Despite the often strong acrimony between the National Woman's Party and the National American Woman Suffrage Association, it's probably fair to say (in retrospect) that the two groups' tactics complemented each other: the NAWSA's taking more deliberate action to win suffrage in elections meant that more politicians at the federal level had a stake in keeping women voters happy, and the NWP's militant stands kept the issue at the forefront of the political world.
The movie:
In 1913 Paul joined with Lucy Burns to form the Congressional Union for Women Suffrage (CUWS) and attempted to introduce the militant methods used by the Women's Social and Political Union in Britain. This included organizing huge demonstrations and the daily picketing of the White House. After the United States joined the First World War, Paul was continually assaulted by patriotic male bystanders, while picketing outside the White House. In October, 1917, Paul was arrested and imprisoned for seven months. Paul went on hunger strike and was released from prison. In January, 1918, Woodrow Wilson announced that women's suffrage was urgently needed as a "war measure". However, it was not until 1920 that the 19th Amendment secured the vote for women. Iron Jawed Angels, inspired by a pivotal chapter in American history. Hilary Swank plays Alice Paul, an American feminist who risked her life to fight for women's citizenship and the right to vote.

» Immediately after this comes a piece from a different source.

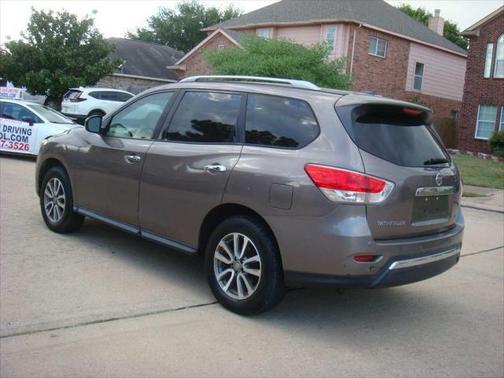 2013 Nissan Pathfinder SV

She founded the separatist National Woman's Party and wrote the first equal rights amendment to be presented before Congress. Together with social reformer Lucy Burns (Frances O'Connor), Paul struggled against conservative forces in order to pass the 19th amendment to the Constitution of the United States. One of their first actions was a parade on President Woodrow Wilson's (Bob Gunton) inauguration day. The suffragettes also encountered opposition from the old guard of the National American Women's Suffrage Association, Carrie Chapman Catt (Angelica Huston). The activists get arrested and go on a well-publicized hunger strike, where their refusal to eat earns them the title of "the iron-jawed angels." Although the protagonists have different personalities and backgrounds - Alice is a Quaker and Lucy an Irish Brooklynite - they are united in their fierce devotion to women's suffrage. In a country dominated by chauvinism, this is no easy fight, as the women and their volunteers clash with older, conservative activists, particularly Carrie Chapman Catt. They also battle public opinion in a tumultuous time of war, not to mention the most powerful men in the country, including President Woodrow Wilson (Bob Gunton). Along the way, sacrifices are made: Alice gives up a chance for love, and colleague Inez Mulholland (Julia Ormond) gives up her life.